Tattoo Topic Tuesday: “Gun” vs. “Machine” – What’s in a Name?

Tattoo machines have come a long way since Edison’s electric pen. They’re more precise, more durable and with the recent increase in popularity of rotary machines, lighter weight, quieter and even dare I say less painful. However, what exactly do you call that thing which oscillates the needle and drives the ink into the skin?

In most parts of the world the term “tattoo machine” is preferred, though in some parts of the world the term “tattoo iron” is also common. There is, however, a term that laypeople coined back in the day and is still in common use among laypeople that is considered a big no-no in the tattoo industry and even I cringe every time I hear it – “tattoo gun.”
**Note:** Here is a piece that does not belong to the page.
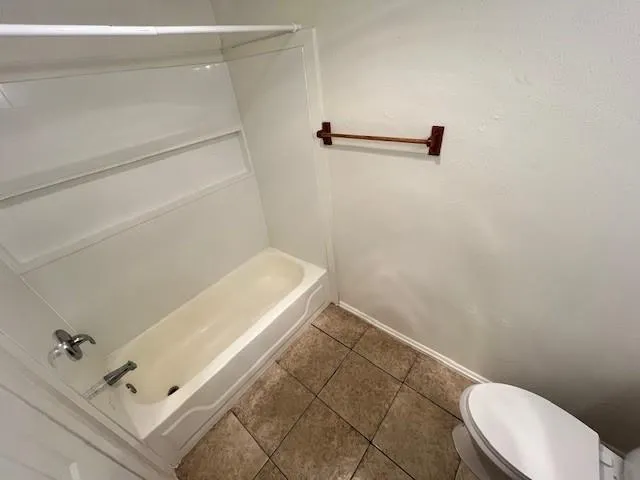 $1,450 | 93 East Monterey Court, Unit C, Gretna, LA 70056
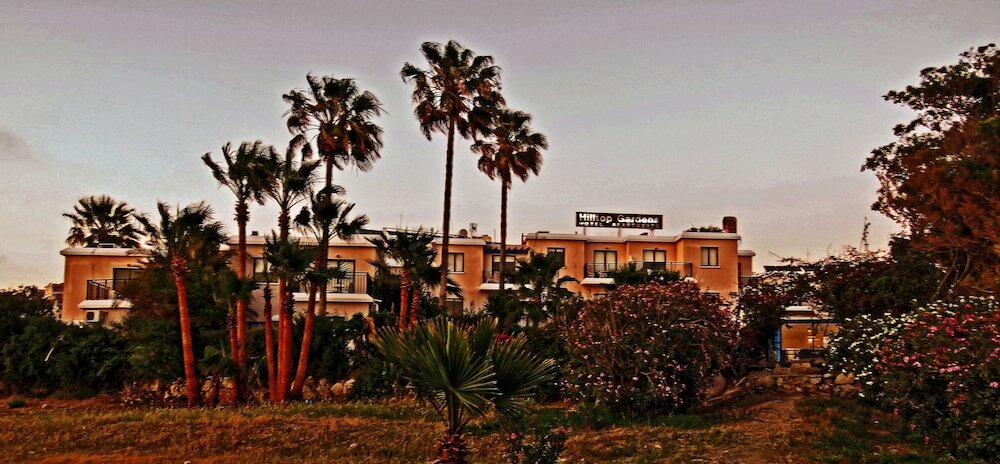 Фото Hilltop Gardens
Now, the term might seem harmless enough but if you think about what a tattoo machine actually does you’ll see why it’s improper to call it a gun. A gun is a device for shooting a projectile (be it a bullet/shell, water, air or whatever). A tattoo machine does not shoot a projectile. It merely acts as an oscillator for the needle grouping and drives the needles into and out of the dermis at a rate far more rapid than is capable by the human hand.

The inaccuracy of the term combined with the negative connotation of the word “gun” in an industry which has a bad enough public image as it is are the reasons the term is very much frowned upon.

All that said, despite the fact the term is frowned upon occasionally you will hear an artist use it because it can become so ingrained in one’s memory. Case in point my session this past Saturday my artist actually used the word twice and I called her out on it both times (all in good fun, mind you). We had a good laugh about it and even she admitted she uses it at times without even thinking. I told her I heard another artist (not from that shop, but in general) said when he was an apprentice his mentor had a jar and every time his apprentices used the word “gun” they had to put $20 in the jar. I imagine one would learn to use the correct term very quickly if it was costing you $20 each time you said the g-word.

Anyway, I don’t write this post to make fun of anyone or anything, but merely to educate those who might not know. The proper term is in fact “tattoo machine” and I know it might be difficult for laypeople especially to adapt. If you ever do start getting tattoos and talking them (and especially with other artists), if you ever want to sound like you know what you’re talking about, use the term “machine.” You might just impress someone with your use of proper tattoo industry jargon.